I do not know how it works in English , but in Polish you can clean your room and in your room, and it means the same.
Posprzątać mój pokój.
Posprzątać w moim pokoju.
Thank you. I think if I hear "I am cleaning in my room" in English, I would think the person was not cleaning the room, but cleaning something else, such as clothes.
We have these 2x meanings in English also.
"I must clean in my room" has a different meaning from "I must clean my room".
The first is more general, its meaning exactly is "I must be engaged in the process of cleaning, while in my room" and could mean 1) cleaning the room, or 2) clean a bit of the room, or even 3) clean something else in the room (as James points out above).
The second very specifically states only meaning #1
What the hell... Why in one sentence "muszę" is "I must", and in another is "I should"? How should I distinguish?
it's hard to say without context, why was "muszę" ever translated to "I should", but it is usually "I have to" or "I must"
Previous task was "muszę pomóc mamie" or suchlike, and "I must" wasn't accepted, but there was stated that "I should" is ok. And it is always accepts "I need". Brain exploding word)))
You can 'czyścić' some surface, I'd say. 'posprzątać' (or imperfective 'sprzątać') works well with rooms. It's more like tidy up, actually.
Why is posprzątać, rather than sprzątać, used in this particular sentence?
Because you'd probably want the room to be tidy when you finish, not just that you worked for some time but it still doesn't look that great ;)
Although technically it works as well.
Thanks, that makes sense :)
Although perfective/imperfective verb forms will cause me trouble for some time yet...

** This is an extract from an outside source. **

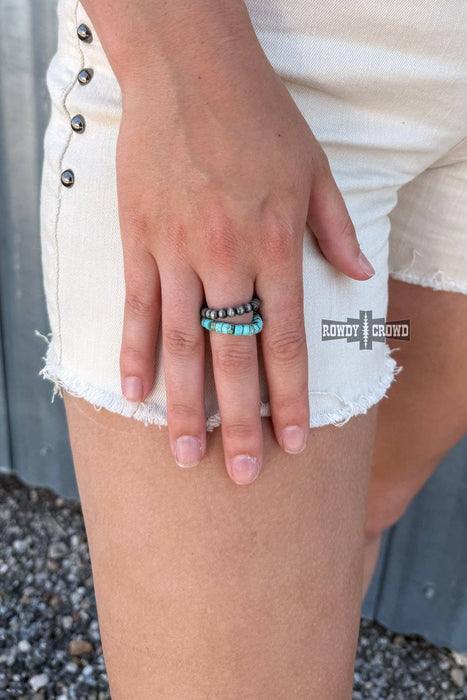 Tipsy Turquoise Stretch Ring - Rowdy Crowd for 1773.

Related: Why did Duo offer us just sprzątać in various earlier exercises, e.g.
W soboty sprzątam mój pokój (On Saturdays I tidy my room)

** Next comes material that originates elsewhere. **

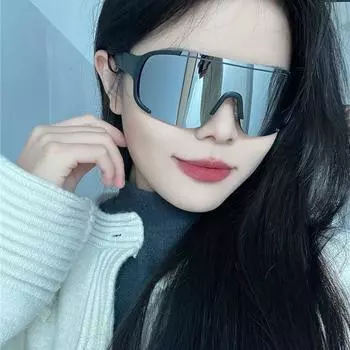 Весенние и летние цельные солнцезащитные очки женские большие ветрозащитные очки для верховой езды мужские модные светоотражающие спортивные защитные очки для глаз горнолыжные очки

Ona pomogła nam sprzątać dom (She helped us clean/tidy the house).
Mama zaczęła sprzątać pokój. (Mum has started to clean/tidy the room) - presumably OK because she hasn't finished yet.
I do agree with JamesTWils.
Well, the first one is for sure imperfective, because it's in Present Simple, and it's impossible to use perfective in the Present Tense.
The second one indeed could be both, as written by James.
The third one has to be imperfective because she indeed hasn't finished yet. Not in this sentence, anyway ;)
Perfective/imperfective is tough. Imperfective does not just mean that the action is unfinished, though, but rather emphasizes the action itself, rather than the goal. So in the first bullet point there, you are emphasizing the work that you do over a period of time every Sunday, rather than the completed orderly room. The last bullet point, as you note, is ongoing work. The second bullet point, I think (though I'd be happy to be corrected by a Pole), could be either imperfective or perfective. The imperfective here emphasizes the work, the actual drudgery, that she is helping us with. The perfective would emphasize the project of cleaning that she had helped us complete.
Oh, of course, thank you, Jellei. If the first sentence used the perfective, it would be referring to a future action.
While I looked around wiki for posprzątać, I came across sprzątnąć (pf) meaning to clean up/tidy up. Would this be viable as an alternative?